Another tactic has been to delay on substantive issues which they know are important to us, particularly the protocols. We can be almost certain that their protocols were ready well in advance of this latest round or at least in sufficient time to table them in late November and they have had our protocols for almost three weeks. And yet they did not provide us any protocols whatsoever until the next to last day of our meetings, including on such matters as the ICCS. As for the prisoner protocol, which they well know is of vital importance to us, it was not tabled until the very same day of your departure.

Another tactic of theirs has been to make concessions and then try to recuperate them in some other form. One example is their attempt to introduce into protocol matters of substance which have not been agreed in the basic text itself and in fact were left out as explicit concessions to us. The role of the NCNRC is one example. The repeated naming of the PRG in the ceasefire protocols is another. Yet another example is the way they have tended to treat the Vietnamese and English versions of the agreement as two separate texts, often conceding to us a word in English but maintaining their language in Vietnamese which [Page 634] has different implications. To some extent one could say that they are attempting to take advantage of our less than total expertise in the Vietnamese language, although this is not something that we can complain to anyone else about.

Another good example of their dilatory tactics has been their claim that they work slowly because they do not have modern means and that they do not receive instructions quickly from Hanoi. As anyone familiar with the DRV knows they have close to a 100-man delegation in Paris capable of cranking out papers at whatever rate is desired; they have several times as many language officers as any U.S. delegation they have ever dealt with; and surely the SIGINT experts can confirm that Hanoi is in possession of modern Soviet communications equipment. If they can get instructions to COSVN in one or two days, they can certainly get them to Le Duc Tho in the same period of time.

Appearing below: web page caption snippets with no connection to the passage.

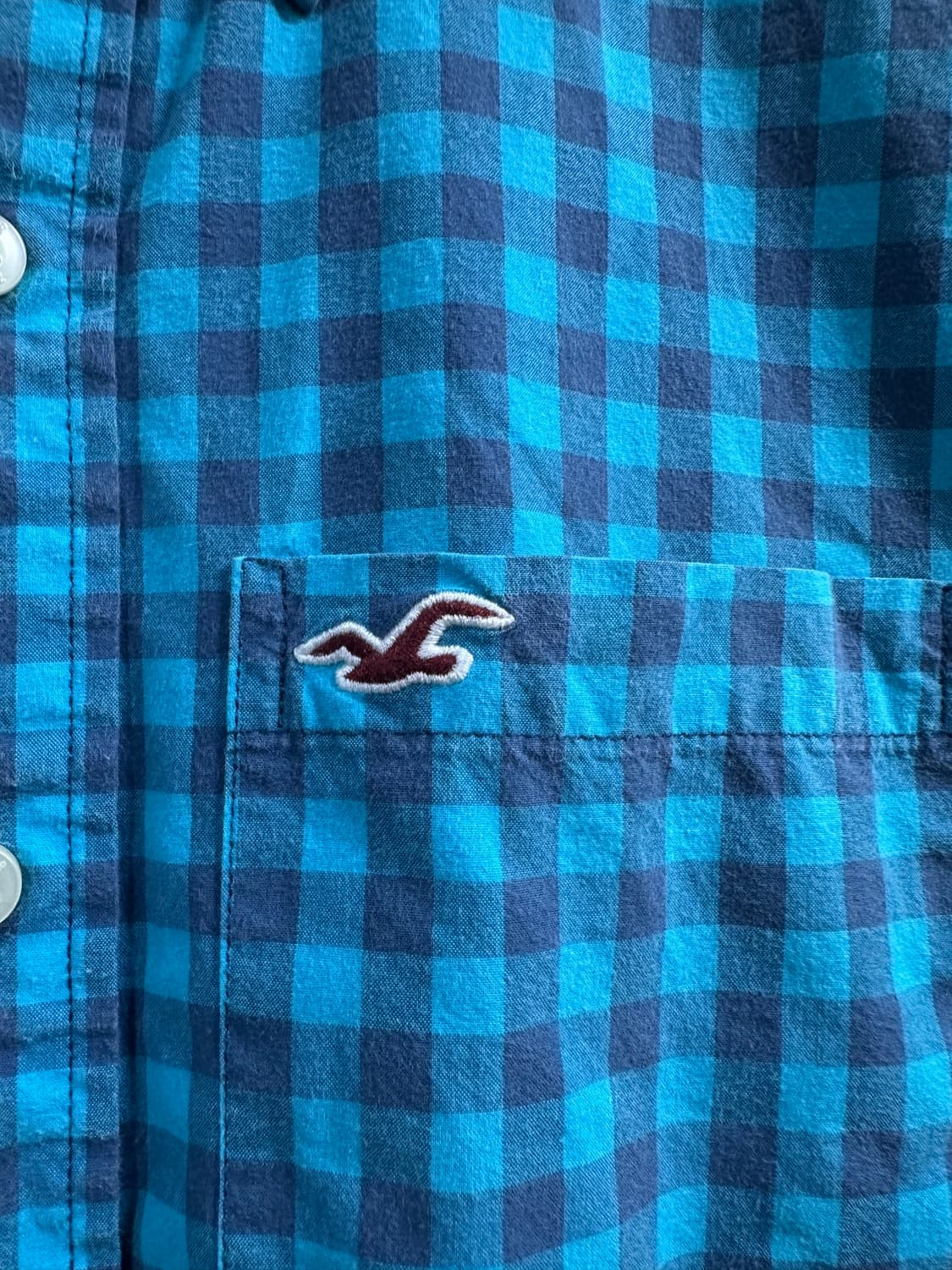 홀리스터 HOLLISTER 블루 깅엄 체크 버튼다운 셔츠 여성 XL 상품이미지4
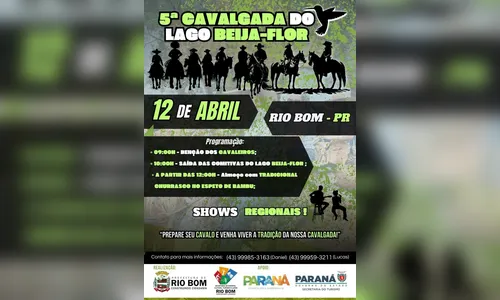 Rio Bom realiza 5ª Cavalgada do Lago Beija-Flor no dia 12 de abril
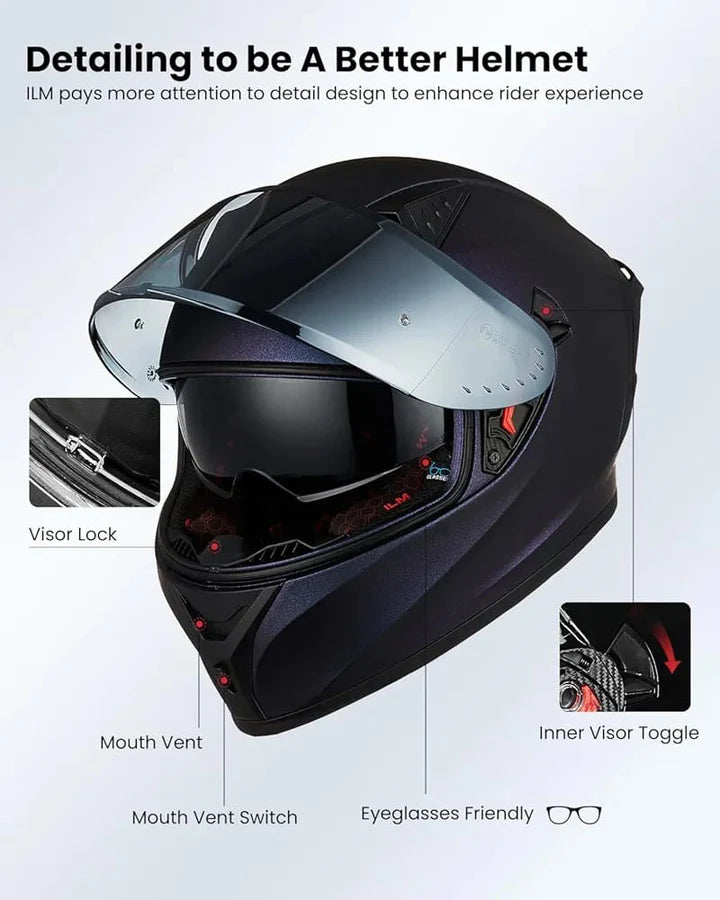ILM Motorcycle Helmet Full Face Casco DOT Model. ⭐⭐⭐⭐⭐ (4.8/5)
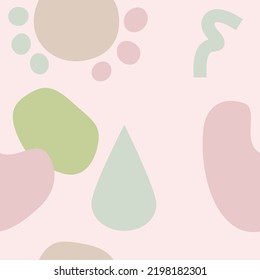 Abstract Seamless Vector Pattern. Random Shapes. Pastel Colours. Could Be Used For Printmaking, Decoration, Postcards, Wallpapers.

Hanoi has also on occasion used experts meetings designed for the explicit purpose of conforming texts to introduce major issues of substance. This was particularly flagrant on the final day of our meetings when they reintroduced issues relating to the replacement provision and the chapter on Cambodia and Laos.

Hanoi also has a proclivity for using the past record of negotiations in a fashion that is completely out of context. To cite the most ludicrous example, when our first series of renewed meetings began, they reintroduced the question of Thieu’s resignation arguing that this was simply a matter on which even the U.S. had made a proposal in September. They have likewise, in preparing their understandings, pursued a tactic of quoting from the record out of context. Finally they have at times distorted your remarks beyond recognition such as on the issue of international supervision of Article 13 which they read to me at an experts meeting and raised again at the last meeting with you. It was absolutely obvious to anybody familiar with the record that you had meant to drop reference to international supervision in the article itself and that we fully intended to retain in it the international supervisory chapter.

In sum Hanoi’s tactics have been to unnecessarily prolong and delay the discussions, to distort the past record to their purposes and to renegotiate concessions several times over.

End of message.

  1. Source: Library of Congress, Manuscript Division, Kissinger Papers, Box TS 43, Geopolitical File, Vietnam, Bombing, 1972–73. Top Secret; Sensitive; Eyes Only. Sent via Guay and Haig.